Here is one way of gauging the appeal of the BDS — boycott, divestment, and sanctions —movement against Israel. Over at the Times of Israel, Jason Langner recently reported, with concern that the official Facebook page of the Palestinian BDS National Committee now was on its way to having 100,000 “likes.” Indeed, it has now reached that milestone.
I have written with concern about the BDS movement frequently here. Yet there is something to Mitchell Bard’s contention that the actual success of the movement, especially in the United States has been underwhelming.

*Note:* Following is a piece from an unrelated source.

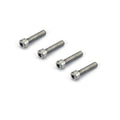 6-32 x 1 Stainless Steel Socket Head Cap Screws (4/ pkg)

One hundred thousand sounds like a big number. But it sounds less big when you consider that the BDS movement, including its Facebook page, has been around since 2005, is allegedly on a roll, yet has fewer likes over the course of the history of its page than National Geographic Magazine garnered in the past 30 days (270, 405, according to Quintly, a social media analytics site). Over a similar period, the Facebook page of “The Official Grumpy Cat” the spokescat for Friskies, has added over 136,000 new likes to its 7 million. This startling development has, as far as I can tell, had no impact on the international cat community.

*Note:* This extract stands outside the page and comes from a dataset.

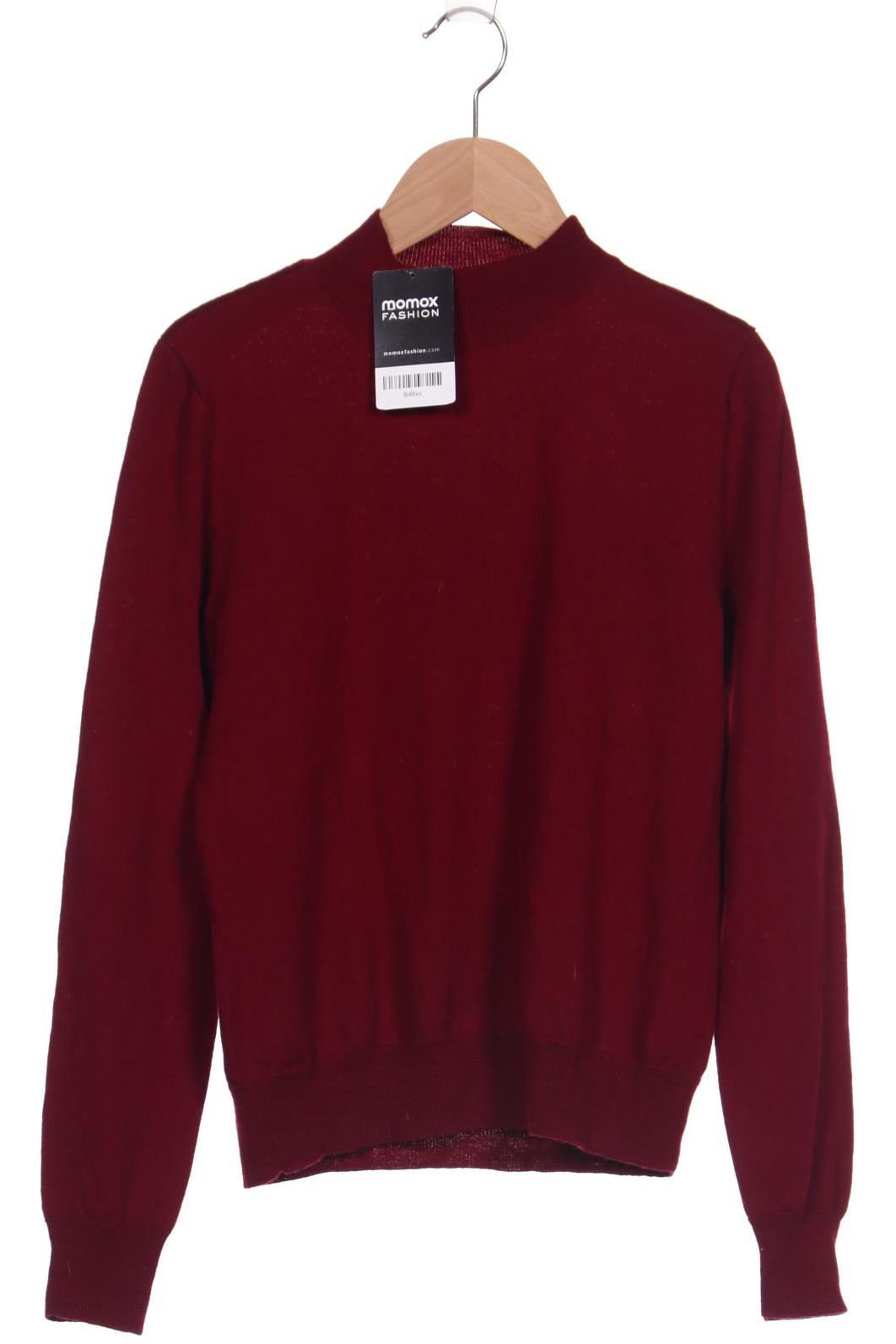 

Peter Hahn Damen Pullover, bordeaux, Gr. 38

Perhaps you will have the patience to scroll all the way through the Quintly rankings to reach BDS. I gave up at the page ranked 6860 (bear in mind that Quintly does not list every page), “I Will Go Slightly Out of My Way to Step on a Crunchy Looking Leaf,” which has over 1,680,000 likes. Now that’s a movement.
But perhaps it’s fair to compare BDS only to other pages labeled as “causes” by Facebook. Here, 100,000 likes is certainly more impressive, creeping up on the moribund Occupy Wall Street (179, 287) but still way behind the PEDIGREE Adoption Drive, Australia (over 213,000), devoted to the problem of dog homelessness down under, and a little behind Global Action for Israel (139,000), an anti-BDS group whose page been around for just a year and a half.

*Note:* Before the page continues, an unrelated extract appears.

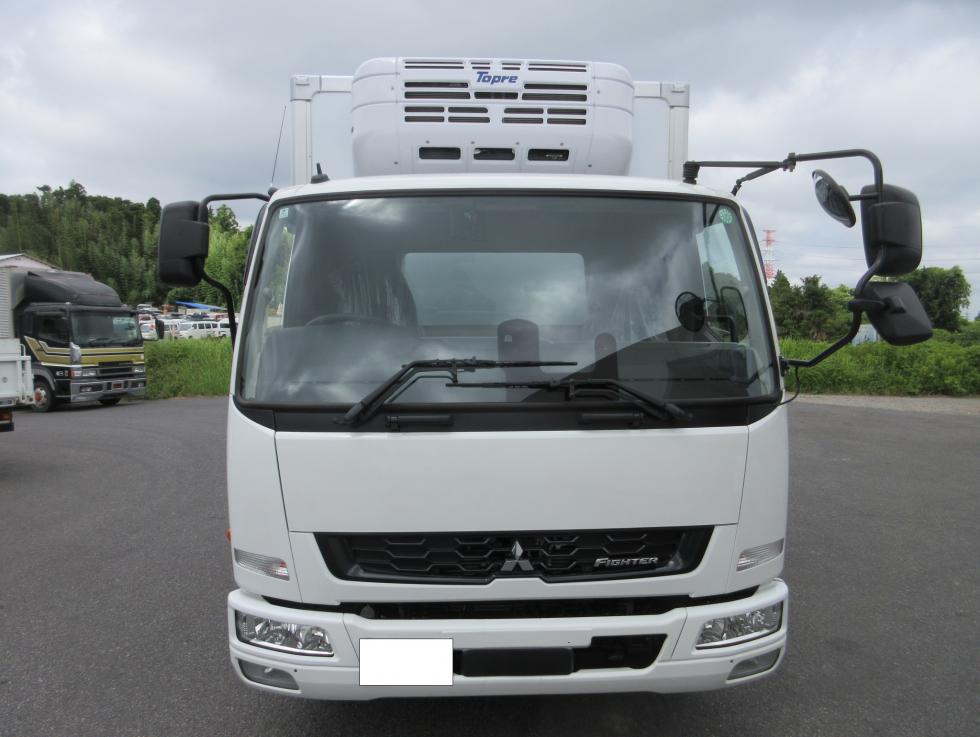 三菱 冷凍・保冷 中型 令和7年7月 2KGーFK72F 2枚目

Of course, Facebook likes are not an index of power. For example, the 1.2 million who had by the end of January 2010 clicked the “like button” for the Save Darfur campaign on Facebook, were not prepared to give much for it—the organizers raised eight cents per like. But even by this measure, we need not be alarmed by what BDS has been able to do to this point. It is wise to be vigilant about BDS. Its action on college campuses, the piece of the campaign with which I am most familiar, seems to have done nothing to diminish support for Israel among young American so far (it is higher than it was when the campaign began), but I would not be at all surprised if it is having a subtle effect on how students perceive Zionism or being pro-Israel. But as for BDS being a social media juggernaut, I’ll worry when they catch up to “Norse Mythology” (242,000). I mean I hear that’s making a comeback.